Nicht vom Beginn an enthüllten die Götter den Sterblichen alles, Aber im Laufe der Zeit finden wir suchend das Bessere.

Xenophanes von Kolophon, um 500 v.Chr.

Sehr geehrte Leserinnen und Leser,

in Deutschland stand in den letzten Jahren kein Teilbereich der Radiologie so im fachlichen und öffentlichen Diskurs wie die Mammadiagnostik.

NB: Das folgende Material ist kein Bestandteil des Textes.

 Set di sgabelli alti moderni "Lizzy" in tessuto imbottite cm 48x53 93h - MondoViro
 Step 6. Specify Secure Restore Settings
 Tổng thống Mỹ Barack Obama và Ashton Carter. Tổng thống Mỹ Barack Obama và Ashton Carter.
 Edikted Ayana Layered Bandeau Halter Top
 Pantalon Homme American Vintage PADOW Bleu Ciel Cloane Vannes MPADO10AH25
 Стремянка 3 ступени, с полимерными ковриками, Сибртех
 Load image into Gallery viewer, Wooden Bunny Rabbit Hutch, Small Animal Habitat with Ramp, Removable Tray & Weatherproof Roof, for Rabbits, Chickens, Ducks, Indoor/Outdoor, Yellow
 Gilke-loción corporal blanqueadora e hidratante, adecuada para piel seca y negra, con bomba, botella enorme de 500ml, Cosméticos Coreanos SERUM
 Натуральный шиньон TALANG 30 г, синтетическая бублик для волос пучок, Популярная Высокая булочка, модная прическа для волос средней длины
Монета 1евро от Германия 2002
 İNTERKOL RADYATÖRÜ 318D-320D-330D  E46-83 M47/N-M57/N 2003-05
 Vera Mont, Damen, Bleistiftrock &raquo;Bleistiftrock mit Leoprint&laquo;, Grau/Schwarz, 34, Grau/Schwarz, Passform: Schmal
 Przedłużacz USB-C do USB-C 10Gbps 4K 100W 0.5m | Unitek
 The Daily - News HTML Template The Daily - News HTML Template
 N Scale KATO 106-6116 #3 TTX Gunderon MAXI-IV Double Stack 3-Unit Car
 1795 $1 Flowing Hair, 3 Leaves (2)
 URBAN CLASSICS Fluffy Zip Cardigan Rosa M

Die dual organisierten Versorgungsstrukturen von Screeninginstitutionen einerseits und universitär gebundener Versorgungs- und Forschungsleistung andererseits scheinen strukturelle Antinomien zu sein. In Bezug auf das gemeinsame Ziel der Mortalitätssenkung des Mammakarzinoms können sie aber ebensogut als komplementäre, synergistische Systeme betrachtet werden.

Die Herausforderungen des europaweit größten flächendeckenden Screeningprogramms werden von Bock et al. aufgezeigt. Struktur-, Prozess- und Ergebnisqualität werden hier unter epidemiologischen Gesichtspunkten betrachtet. Die Ansprüche an eine moderne Früherkennungsdiagnostik und ihre technischen Innovationen müssen deshalb einer konservativ ausgerichteten, screeningbezogenen Prüfung standhalten. Die Tomosynthese ist hierfür ein aktuelles Beispiel.

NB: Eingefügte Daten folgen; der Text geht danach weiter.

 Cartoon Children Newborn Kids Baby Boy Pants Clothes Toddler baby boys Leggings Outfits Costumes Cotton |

Demgegenüber steht der Wunsch nach einer optimierten, individuellen Diagnostik für jeden abzuklärenden Befund. Die technischen Innovationen aus den drei Teilbereichen der komplementären Mammadiagnostik werden in diesem Heft als ausgewählte Themen referiert:

Rjosk et al. beschreiben die unterschiedlichen Verfahren auf dem Gebiet der Elastographie und geben einen Überblick über das diagnostische Potenzial dieser Zusatzmodalität ergänzend zum konventionellen Hochfrequenzultraschall der Brust.

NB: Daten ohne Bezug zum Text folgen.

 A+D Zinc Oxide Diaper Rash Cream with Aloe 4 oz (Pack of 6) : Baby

Aufbauend auf die digitale Vollfeldmammographie sind in den letzten Jahren unterschiedliche dreidimensionale Modalitäten entwickelt worden. Neben den Möglichkeiten der Bildnachverarbeitung und der computerassistierten Diagnostik werden zunehmend auch neuartige Modalitätenkombinationen genutzt. Schulz-Wendtland et al. geben einen Ausblick auf zukünftige digitale Applikationen.

Auf dem Gebiet der Mamma-MRT kann die diffusionsgewichtete Bildgebung als standardisierte Zusatzmodalität in Routineprotokolle implementiert werden. Welche Tips und Tricks es zu beachten gilt, damit Bildakquisition und - auswertung scanneradaptiert gelingt und welche diagnostischen Vorteile hiervon abzuleiten sind, diese Fragen werden von Wenkel et al. fundiert beantwortet und mit eindrücklichen Beispielen belegt.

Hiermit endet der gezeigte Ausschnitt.